WHAT IS EXPECTED – Start at the line that contains "IMAGINATION ERROR HOODIE" in the listing below and extract every line through the last, exactly; leave pictures out.

SUPPLIED MATERIAL –
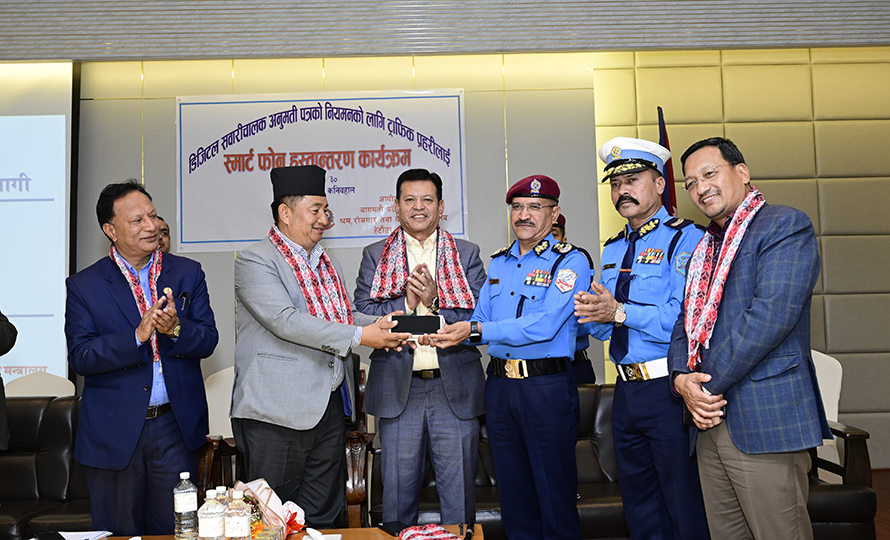 डिजिटल लाइसेन्स नियमनका लागि चार सयभन्दा बढी स्मार्ट फोन हस्तान्तरण
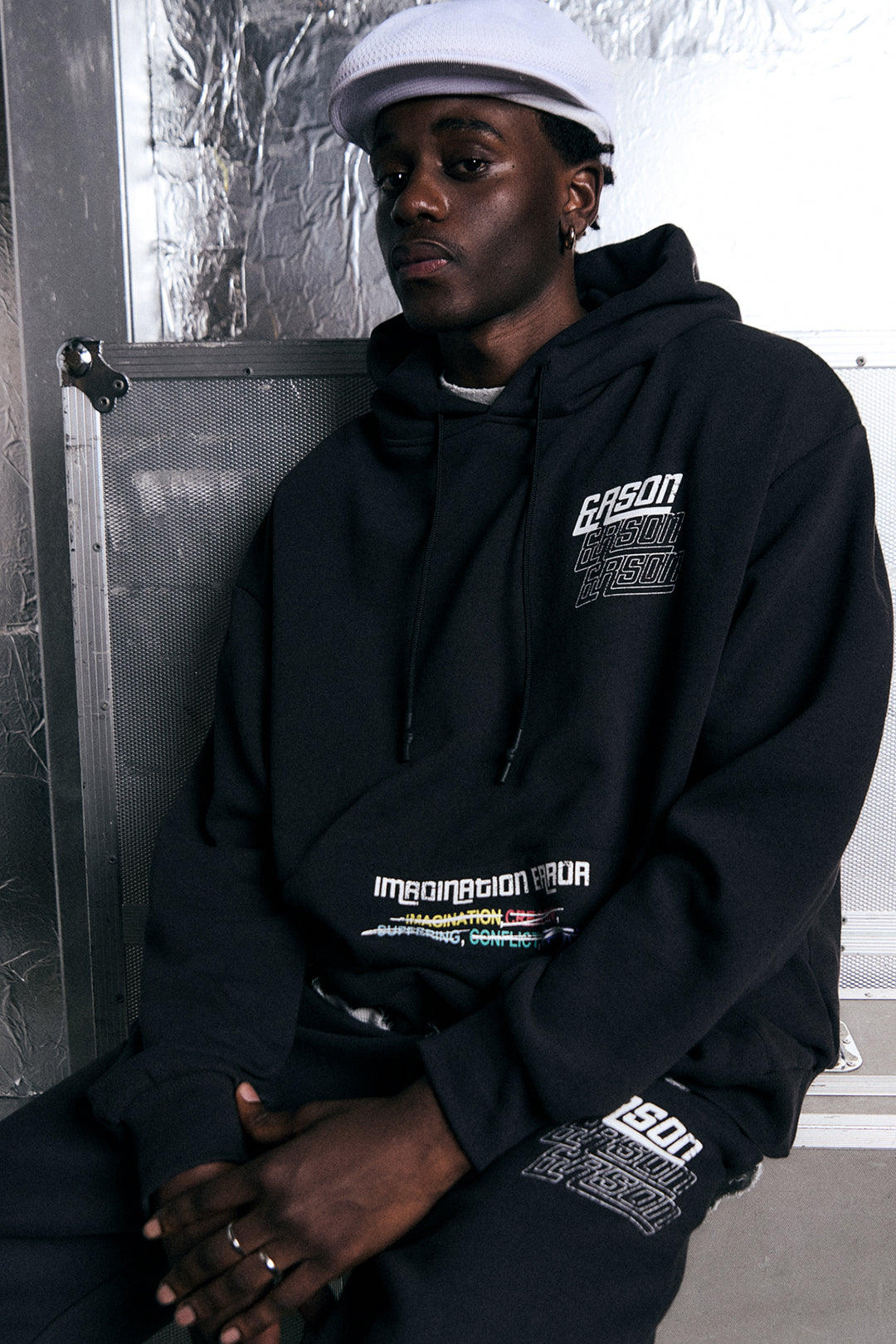 IMAGINATION ERROR HOODIE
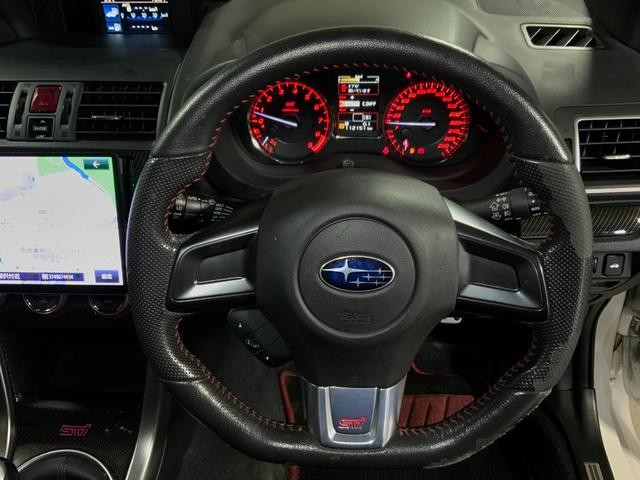 0504839A30261002W00413.jpg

YOUR RESPONSE –
 IMAGINATION ERROR HOODIE
 0504839A30261002W00413.jpg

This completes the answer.